Bir olay ya da durum karşısında ortaya çıkan “şaşırma, sevinç, heyecan, korku, acıma ” gibi duyguları ifade etmekte kullanılan sözcüklerdir.
⇒ “eyvah, ah, vah, hey, tüh, hadi, oh, öf, yazık, oley, haydi, uf, aman,…”
- Ey Türk Gençliği!
- Tüh! Nasıl da parçalanmış.
- Hey! Buraya gelsene.
- Öf! Çok sıkıldım.
- Vah vah çok üzüldüm.
- Ay, elim kesildi.
- Yeter be!
- Bravo sana!
- Hah kara gözüktü!
- Ha gayret!
- Elveda sana!
- Eyvah, ne yer, ne yâr kaldı!
- Hey, bana baksana!
- Oh, ne güzel iş!
- Haykırdı, ak tolgalı beylerbeyi “İlerle!”
- Ooo!

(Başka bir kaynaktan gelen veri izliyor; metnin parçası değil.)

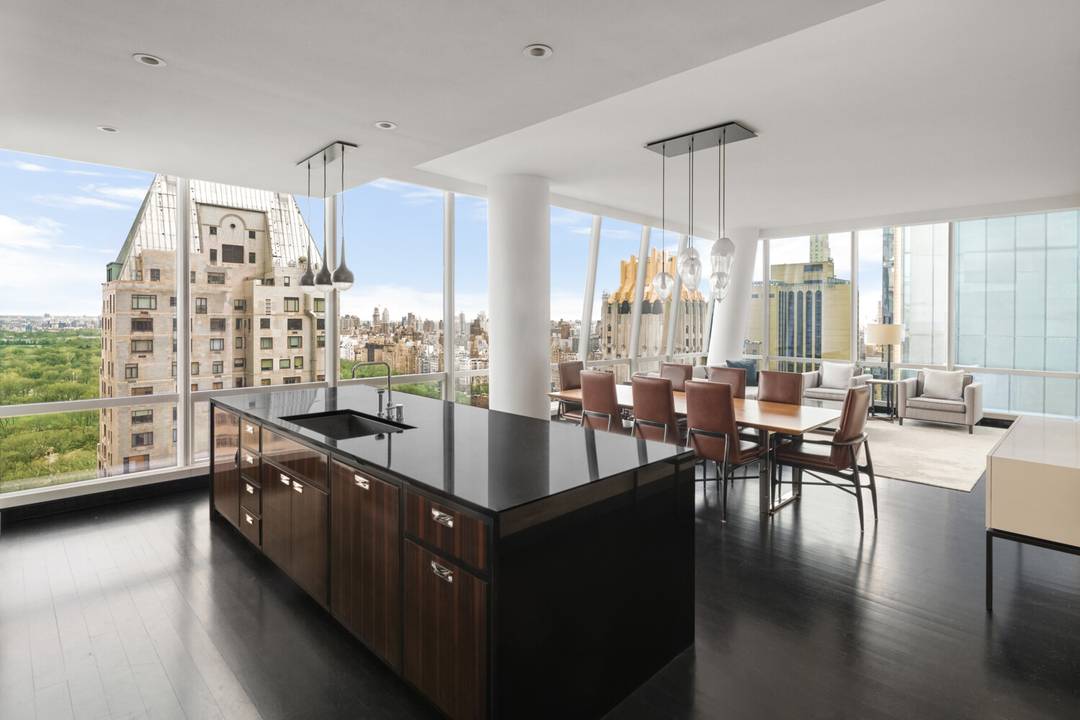 Welcome to One57 Condominium heralded as New York City's most prestigious address and Residence 38F offers a rare opportunity to experience this pinnacle of luxury.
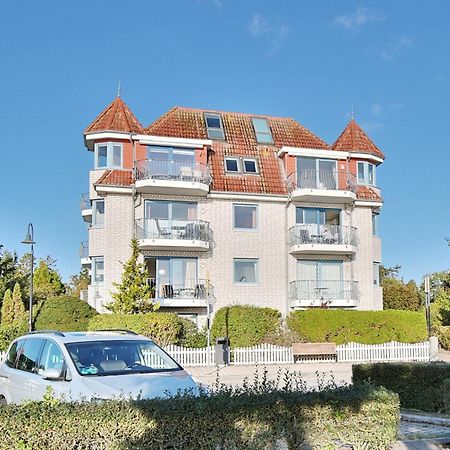 Strandschloesschen Strandschloesschen Appartement 28 هافكروغ المظهر الخارجي الصورة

Karga cenapları, merhaba!
Ünlem görevindeki sözcükler isim çekim eklerini alarak isim olarak kullanılırlar.
- Baksana ahı vahı kalmamış.
⇒ Yansıma sözcükler de ünlem görevinde kullanılabilir.
- Dışarıdan güm! diye bir ses geldi.
⇒ Özel isimler ya da bazı sözcükler ünlem olmadıkları halde ünlemleşebilir.
- Ayşe! Hemen buraya gel.
- Komşu! Nerelerdeydiniz bakalım?
⇒ Ünlemler, cümlenin ögeleri bulunurken cümle dışı unsur olarak kabul edilir.